* _PROMPT_
Up to and including the line holding "Tableau sur toile", write out the data exactly from its first line, but not the pictures.

(Collection entries)
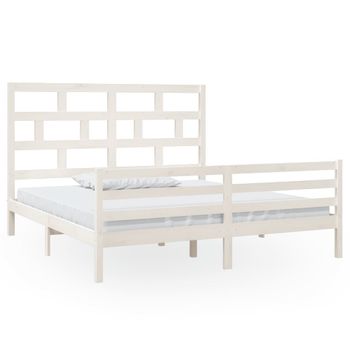 Estructura De Cama Madera Maciza Blanco Supe King 180x200 Cm Vidaxl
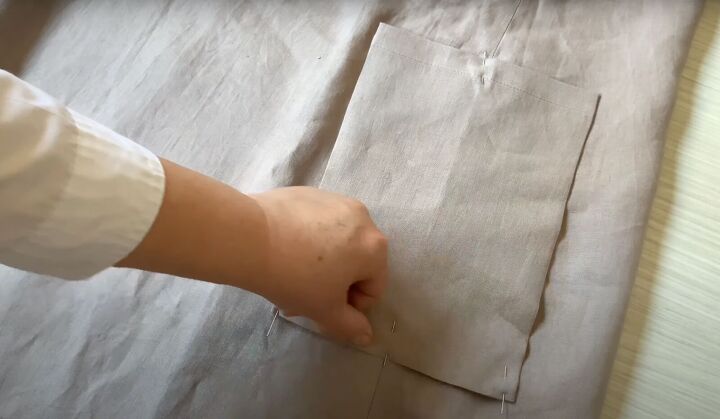 how to sew an a line dress with pockets in a few simple steps, Sewing the pockets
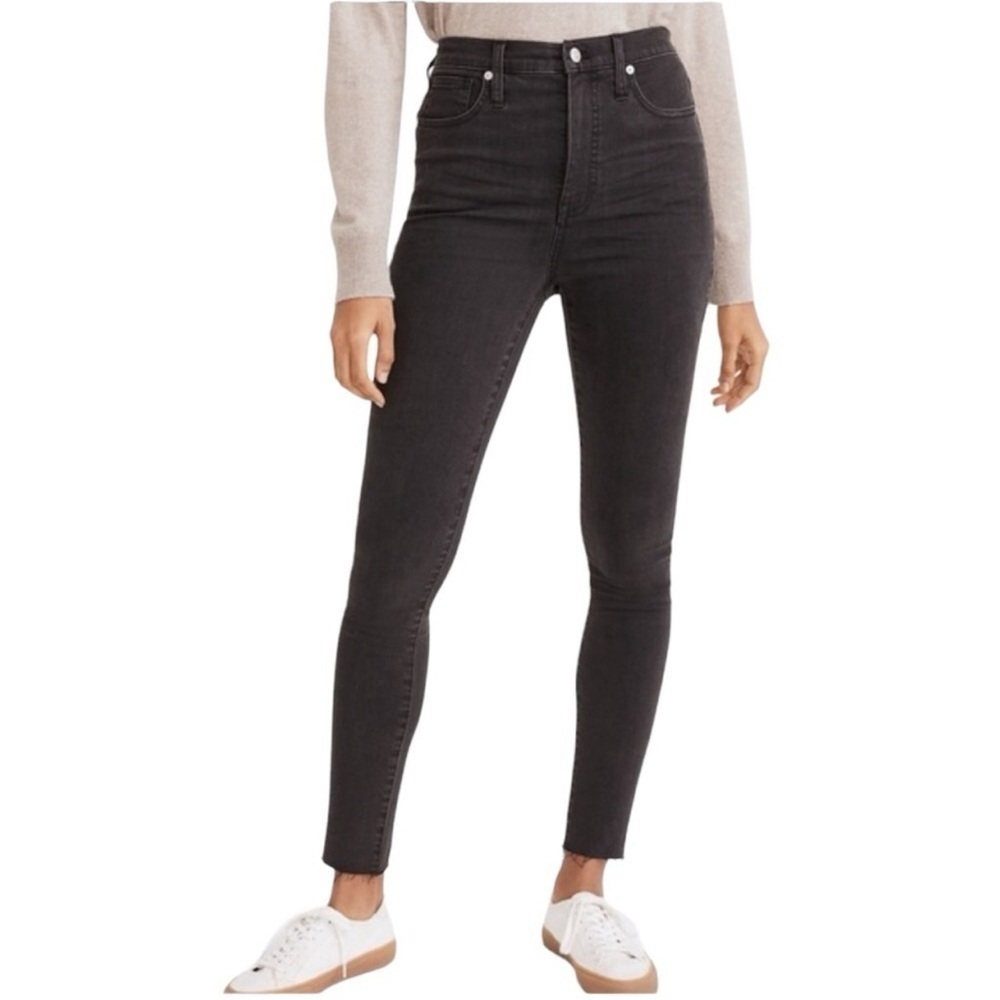 Madewell Hi Rise Skinny Jeans Womens 26P Washed Black Stretch Minimalist Classic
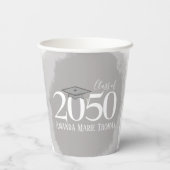 Moderner Abschluss Minimalistisch Mortarboard-Klas Pappbecher (Rückseite)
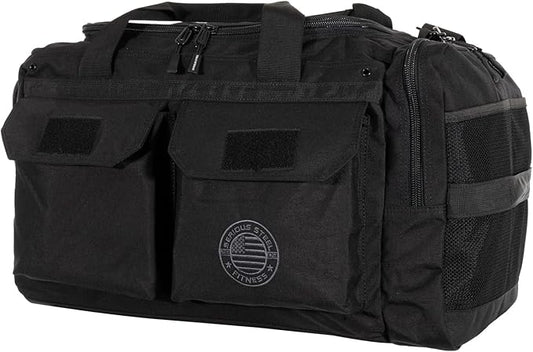 Serious Steel Fitness Heavy Duty 1000D Nylon Duffel Gym Bag (Black - Big Bud)
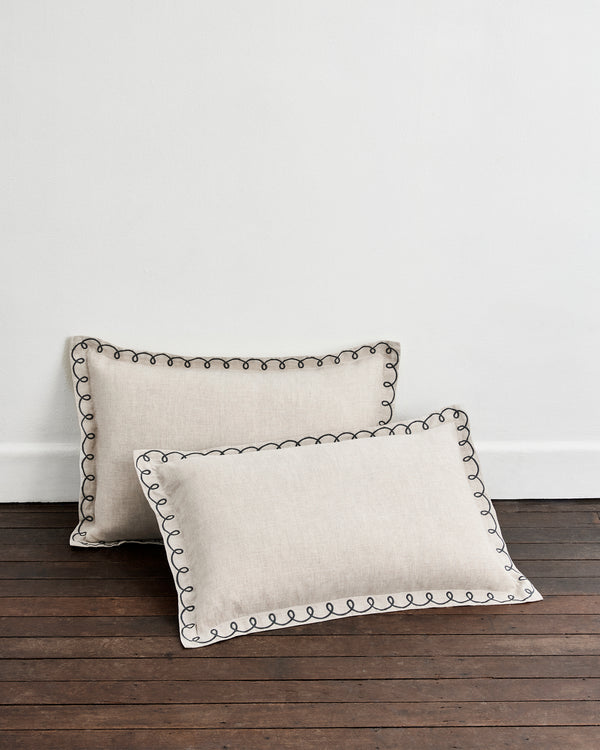 Oatmeal & Charcoal 100% French Flax Linen Swirl Pillowcases (Set of Two)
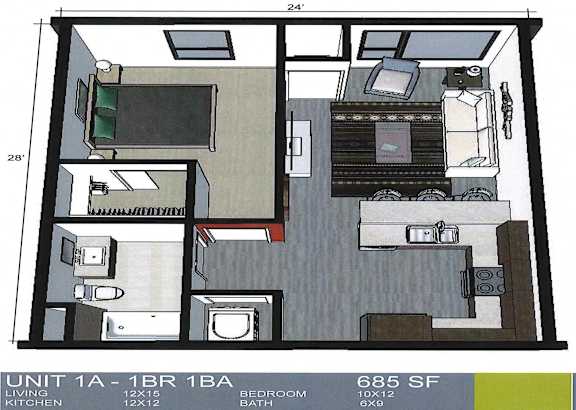A floor plan of an apartment at 111 Vine Street.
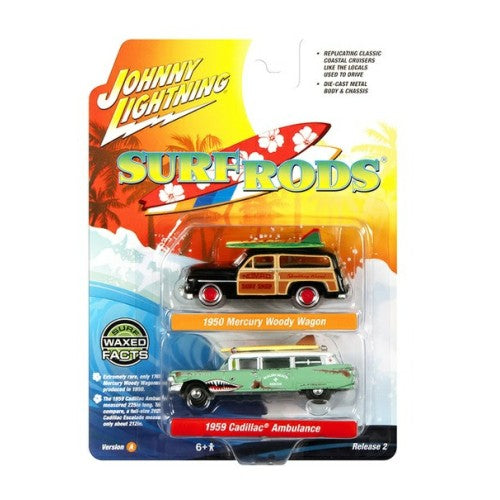1/64 1950 Mercury Woody Wagon Black And Woody And 1959 Cadillac Ambulance Teal And Surf Shark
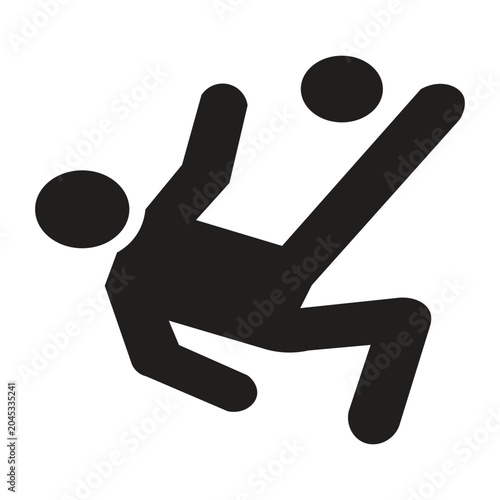 Tableau sur toile silhouette illustration of a person doing a somersault kick A person performing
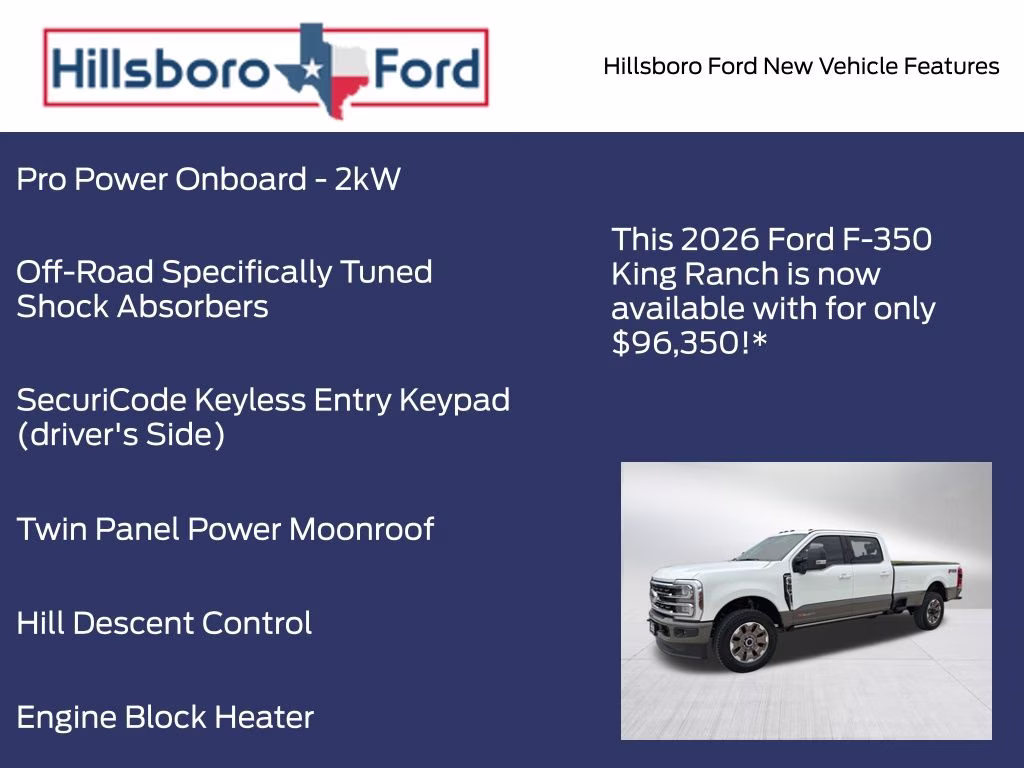 2026 Star White Metallic Tri-Coat Ford Super Duty F-350 SRW King Ranch 4X4 Truck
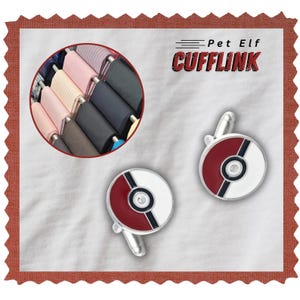 May include: A pair of cufflinks with a red, white, and black circular design. The cufflinks have a silver-colored backing and a small, circular center. The image also includes the text "Pet Elf CUFFLINK".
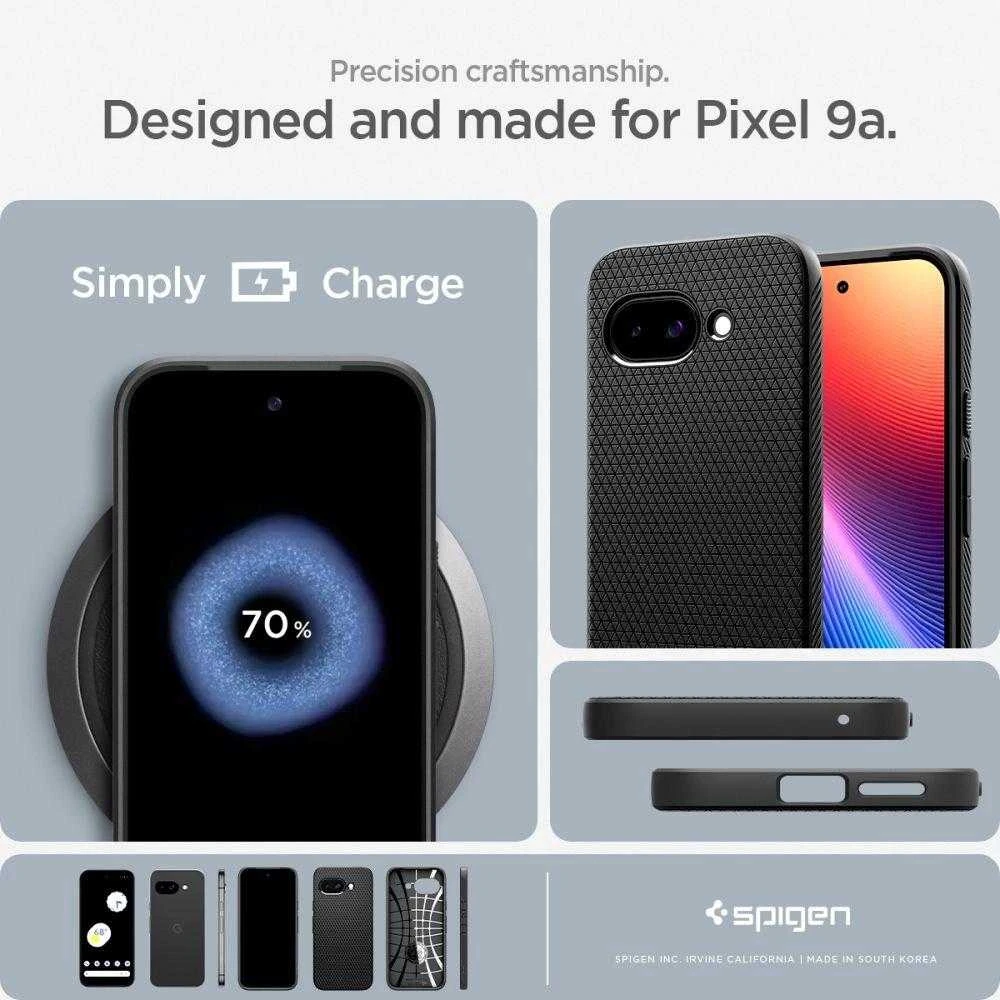 Spigen Liquid Air Dėklas, skirtas Google Pixel 9A – Matinis Juodas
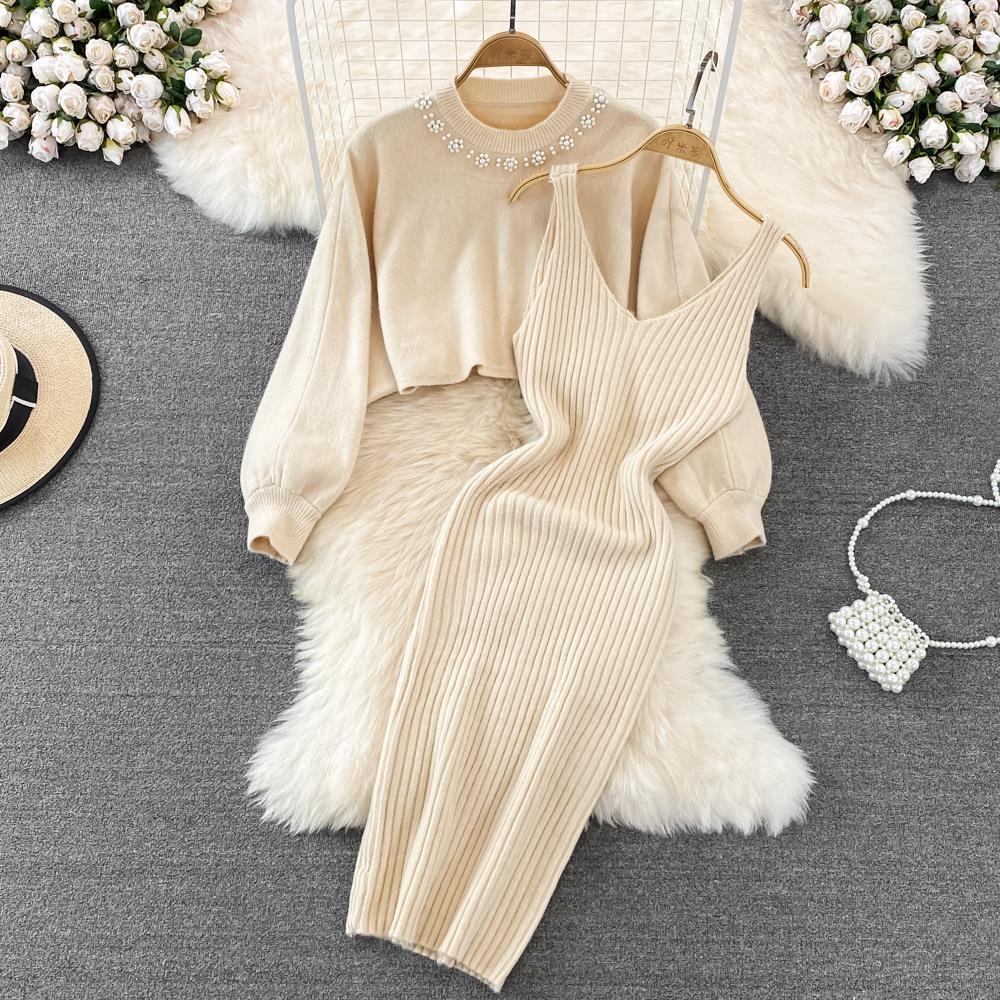 Women's Ribbed Sweater Dress Set with Pearl Collar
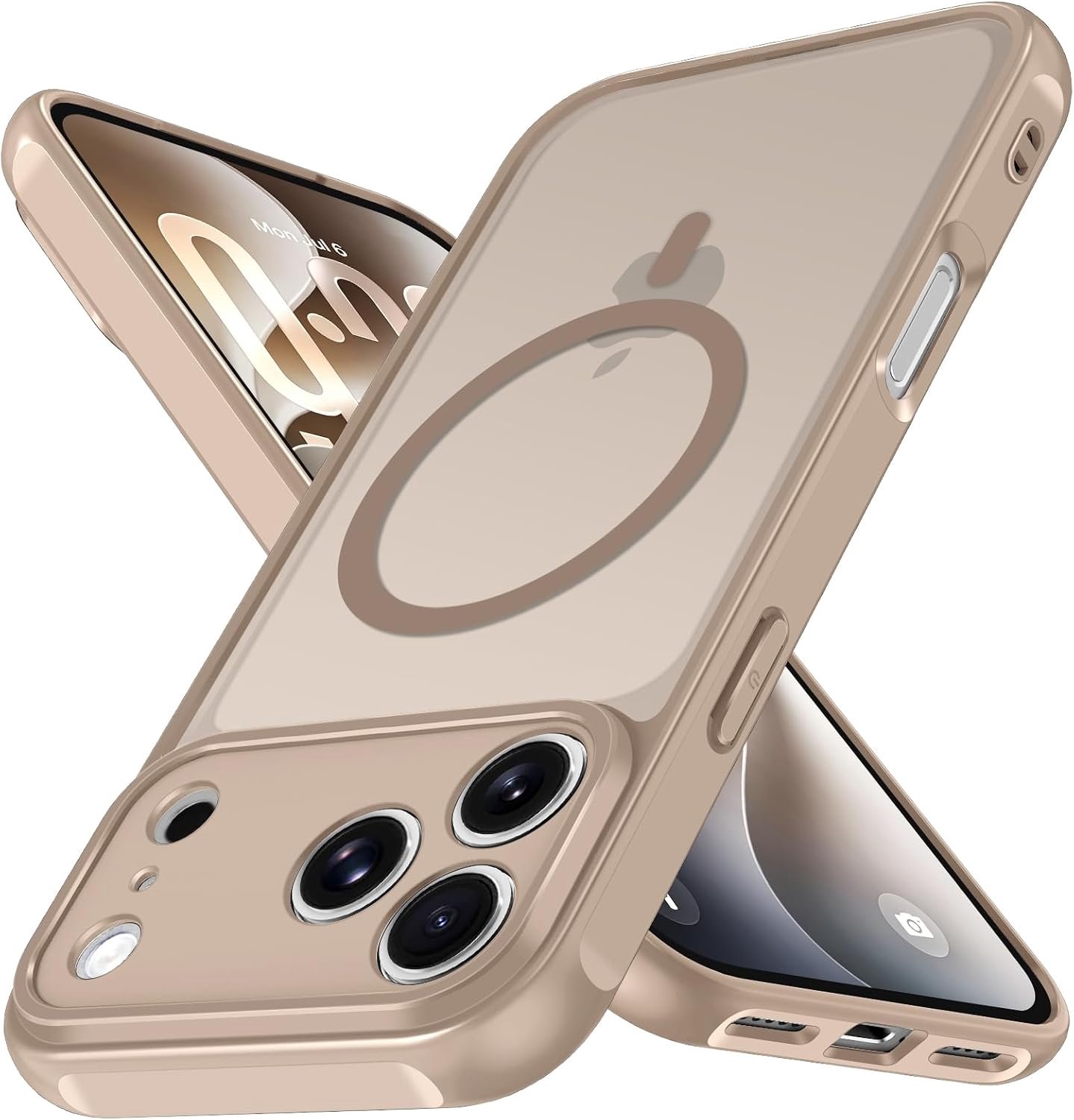 Zandarix Hoesje Geschikt voor Apple iPhone 18 Pro - Back Cover Hoesje - Matte Siliconen - Geschikt voor Mag - Militaire Valbescherming - Titanzand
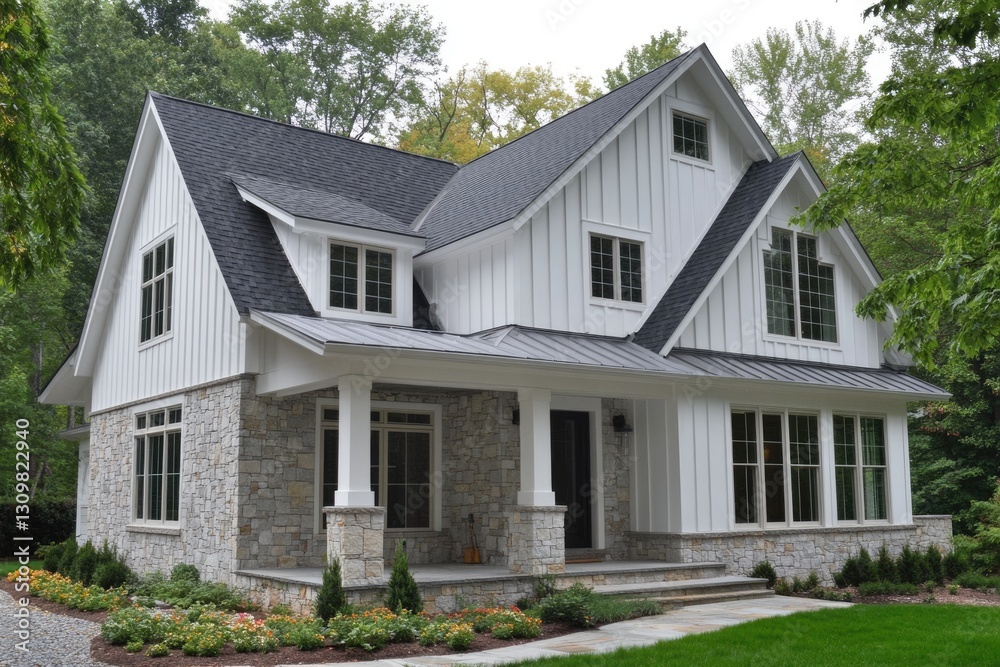 Stylish Home Facade Featuring Stone Veneer and Classic White Board and Batten Siding with Inviting Porch Design Stylish Home Facade Featuring Stone Veneer and Classic White Board and Batten Siding with Inviting Porch Design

* _THE ANSWER_
 Estructura De Cama Madera Maciza Blanco Supe King 180x200 Cm Vidaxl
 how to sew an a line dress with pockets in a few simple steps, Sewing the pockets
 Madewell Hi Rise Skinny Jeans Womens 26P Washed Black Stretch Minimalist Classic
 Moderner Abschluss Minimalistisch Mortarboard-Klas Pappbecher (Rückseite)
 Serious Steel Fitness Heavy Duty 1000D Nylon Duffel Gym Bag (Black - Big Bud)
 Oatmeal & Charcoal 100% French Flax Linen Swirl Pillowcases (Set of Two)
A floor plan of an apartment at 111 Vine Street.
1/64 1950 Mercury Woody Wagon Black And Woody And 1959 Cadillac Ambulance Teal And Surf Shark
 Tableau sur toile silhouette illustration of a person doing a somersault kick A person performing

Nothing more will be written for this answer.